There's no need for guesswork. The person with the red light yields to everyone.


He has to notice them first. With a normal red light, the car doesn't move, period.


> He has to notice them first.

...which is exactly the same as a stop sign, too.

If your hypothetical stationary driver cannot see oncoming traffic either at a stop sign or stop light, your driver can't drive correctly.


I learned to drive in a country that didn't have right on red, have now lived 9 years in countries that do.

It makes perfect sense, and it's very hard to understand why it wouldn't be allowed. As the other comments have said, it's a hard stop, so you wait until it's clear before going.

(Obviously, for countries that drive on the left, it would be left on red)


I agree entirely, I also have an issue with "yield on green".

Green means "go" at 99% of the lights I run into. Then there's that one left turn I make that's "yield on green" and I'm not supposed to turn. I'm not surprised at all that the intersection has the most accidents annually. I don't think many people are used to yield-on-green lights... so many T-bones its amazing they haven't changed the traffic flow.


You mean this? http://www.epermittest.com/road-signs/left-turn-yield-green

Isn't that just a normal green light on a two-way street? Do you mean all intersections should have protected left turns?


What's yield on green? Isn't that a regular green light (you can't turn left unless nobody is coming at you)?

That's how the vast majority of green lights work here in Canada...


It's a rarity in my part of the state. There are only 2 intersections that don't have protected left turns and are yield-on-green. They both have triangular signs stating they are yield-on-green and those signs get ignored.

I've been honked at and nearly rear-ended because I yield-on-green on protected turns at unfamiliar lights where I expect them to be yield-on-green (I assume any lane without a dedicated arrow light to be yield-on-green.)

The intersections around here give opposite sides protected left turns, then normal straight traffic flow. None but the "weird two" are yield-on-green and those two intersections, as a result, have a ton of accidents caused by people not yielding properly.

It probably wouldn't be as big of an issue if every other light in the town was yield-on-green instead of protected.
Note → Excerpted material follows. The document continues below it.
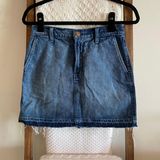 J Brand NWOT dark washed distressed mini a-line denim skirt Photo 0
It's the fact that those two lights are the only "special" ones that I think causes the problem. Since everyone is used to having a protected turn, people ignore the "yield on green" sign and turn into oncoming traffic (whom they think have a red light).


They have that here in The Netherlands for bikes: both the cyclist and the driver get green, but the driver must yield to the cyclist (yield to the right).

Countless times I've been almost hit and then screamed at by clueless drivers.


Same in Denmark, but I've not yet seen a near miss.

In the UK, when the pedestrian has a green man all road traffic has a red light, without exception. (Same for cycle paths crossing roads, but they're rare.)

I'd guess foreign drivers would get this wrong in NL, DK etc. Turning right and thinking "the pedestrian has seen me, I have a green light, they will wait" when the pedestrian is thinking "they've seen me, I have green, I can cross".


They removed all the "Yield / Unprotected Left Turn" lights in my town, just for this reason. People simply don't understand. It's a bummer to sit and wait, but it does save lives.


I guess I don't even follow what this means, does every single stop light where someone could possibly turn left now have the green arrow in your town? That seems ridiculous to me, coming from a city where thousands or tens of thousands of stoplights would need to be retrofitted just because people don't know how to turn left on a two way street.


It's "right on red after stopping". The problem is people don't stop.


Exactly. If I had a reasonable expectation that >99% of the drivers obeyed the law, I wouldn't feel too hesitant to let my 3yo cross the street on his own. He knows how to look both ways, and cross when people have stopped. Even right-on-red is safe at face value. But I don't even believe that 5% of drivers obey all of the laws that protect crossing pedestrians. It's almost as if they don't expect pedestrians to exist.


Right on red is OK. What is crazy is the lack of roundabouts.